Excerpts from a dataset:
============================================================
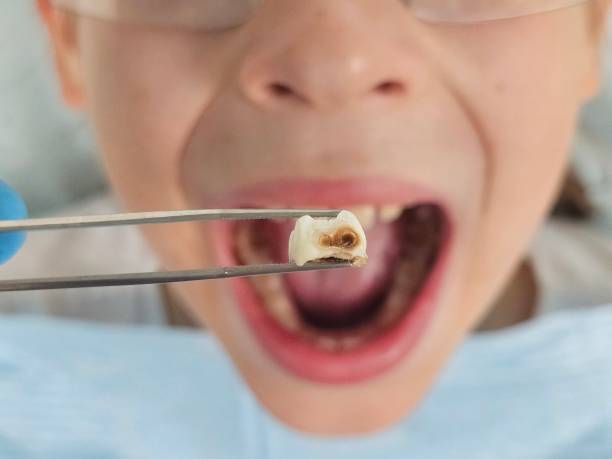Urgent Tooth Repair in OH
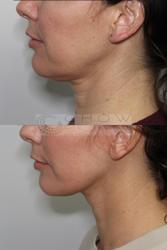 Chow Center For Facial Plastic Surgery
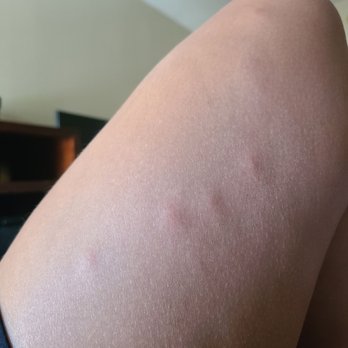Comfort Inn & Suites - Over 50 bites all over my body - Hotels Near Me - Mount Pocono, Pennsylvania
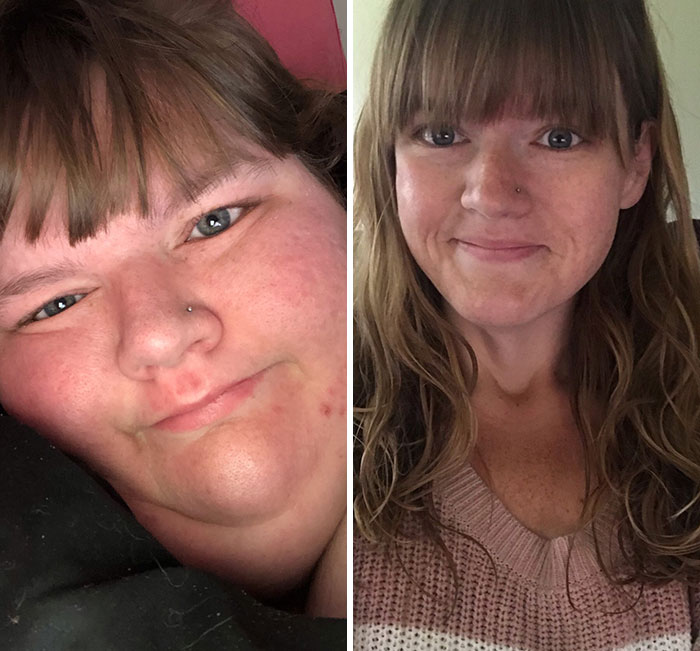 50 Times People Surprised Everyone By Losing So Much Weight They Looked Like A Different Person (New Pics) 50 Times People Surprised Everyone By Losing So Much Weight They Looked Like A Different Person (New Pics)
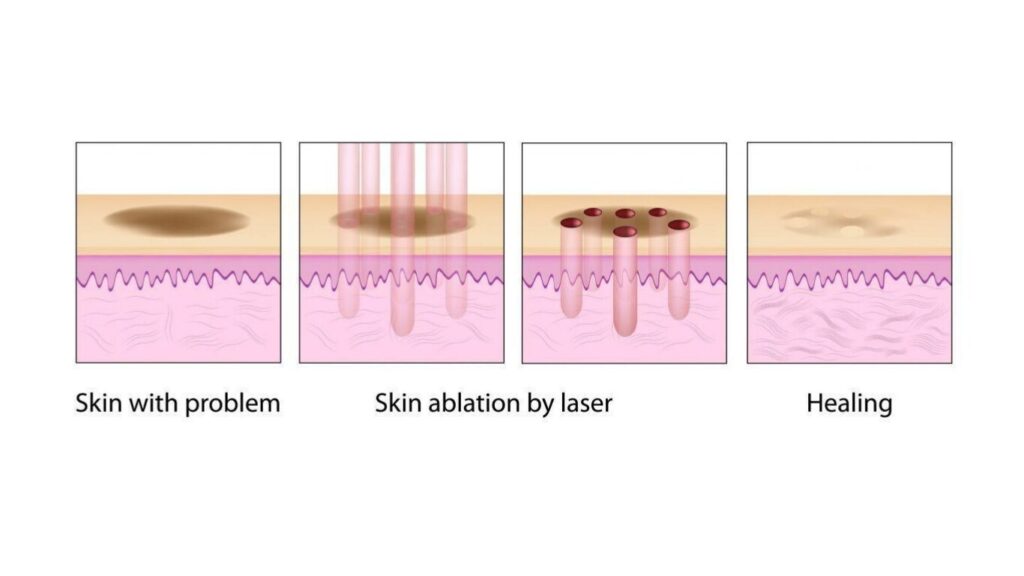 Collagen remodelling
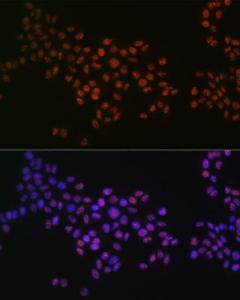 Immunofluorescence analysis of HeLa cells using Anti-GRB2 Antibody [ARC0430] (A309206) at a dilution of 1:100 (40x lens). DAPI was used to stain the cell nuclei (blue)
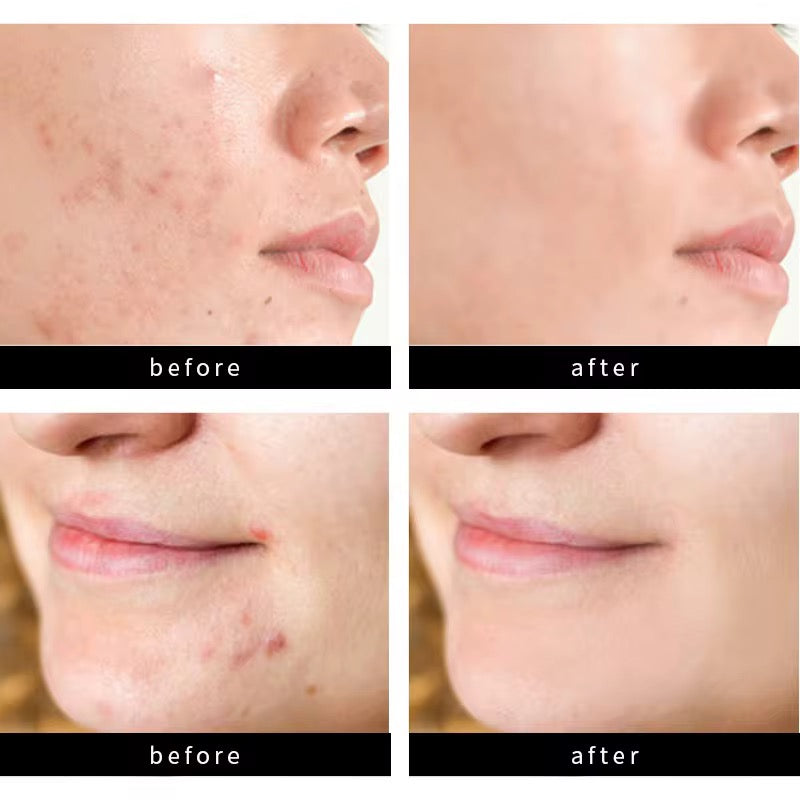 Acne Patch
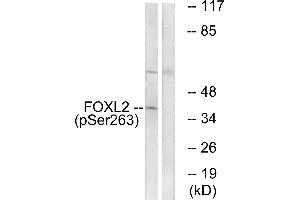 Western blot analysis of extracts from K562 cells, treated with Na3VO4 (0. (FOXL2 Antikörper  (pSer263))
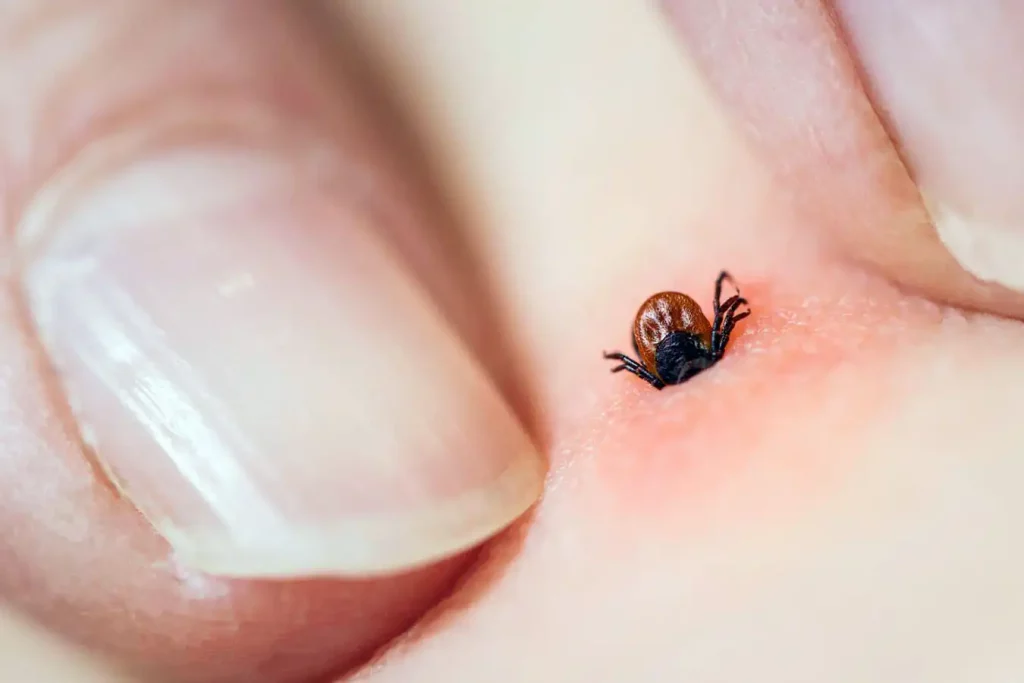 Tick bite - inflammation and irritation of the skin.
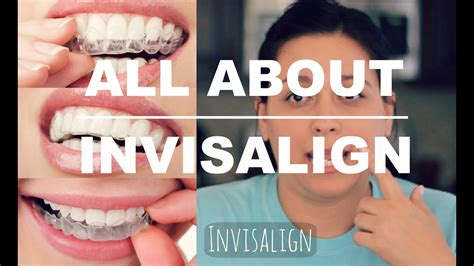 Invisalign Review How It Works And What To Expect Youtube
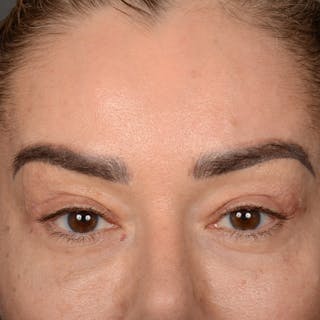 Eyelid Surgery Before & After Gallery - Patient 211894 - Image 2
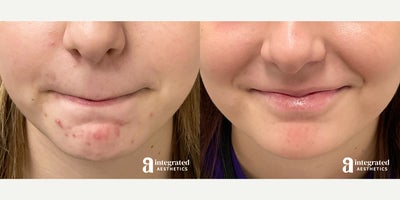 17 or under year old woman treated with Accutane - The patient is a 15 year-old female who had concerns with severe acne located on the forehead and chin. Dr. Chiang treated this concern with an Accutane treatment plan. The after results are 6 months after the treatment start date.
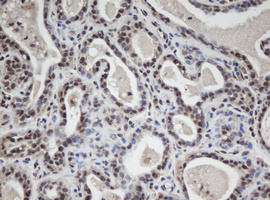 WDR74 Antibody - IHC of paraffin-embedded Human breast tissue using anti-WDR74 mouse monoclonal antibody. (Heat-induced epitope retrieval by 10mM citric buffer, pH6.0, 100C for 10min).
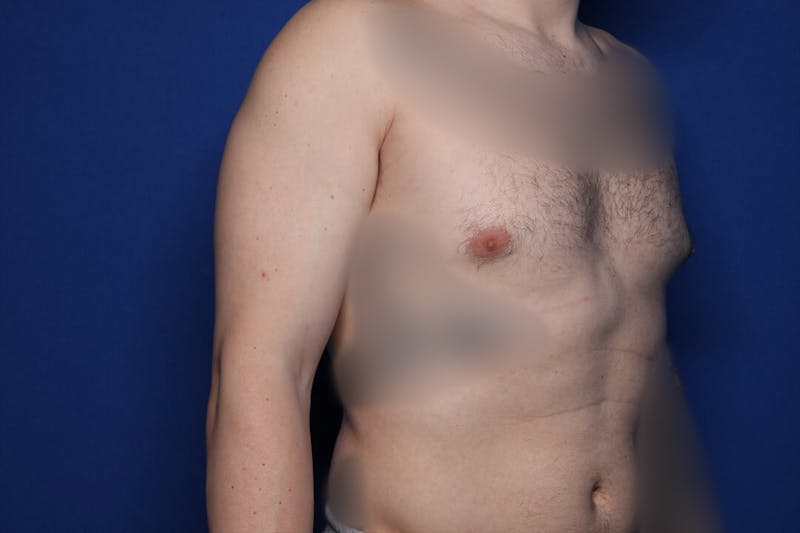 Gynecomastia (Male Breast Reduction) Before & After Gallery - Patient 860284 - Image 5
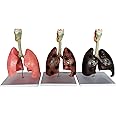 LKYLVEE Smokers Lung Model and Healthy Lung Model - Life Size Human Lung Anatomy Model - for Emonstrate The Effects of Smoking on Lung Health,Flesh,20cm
============================================================
> _About this task_: Repeat word for word the lines starting at the one with "17 or under" and ending at the final line of the records above, both included; no pictures.

> _Written solution_:
 17 or under year old woman treated with Accutane - The patient is a 15 year-old female who had concerns with severe acne located on the forehead and chin. Dr. Chiang treated this concern with an Accutane treatment plan. The after results are 6 months after the treatment start date.
 WDR74 Antibody - IHC of paraffin-embedded Human breast tissue using anti-WDR74 mouse monoclonal antibody. (Heat-induced epitope retrieval by 10mM citric buffer, pH6.0, 100C for 10min).
 Gynecomastia (Male Breast Reduction) Before & After Gallery - Patient 860284 - Image 5
 LKYLVEE Smokers Lung Model and Healthy Lung Model - Life Size Human Lung Anatomy Model - for Emonstrate The Effects of Smoking on Lung Health,Flesh,20cm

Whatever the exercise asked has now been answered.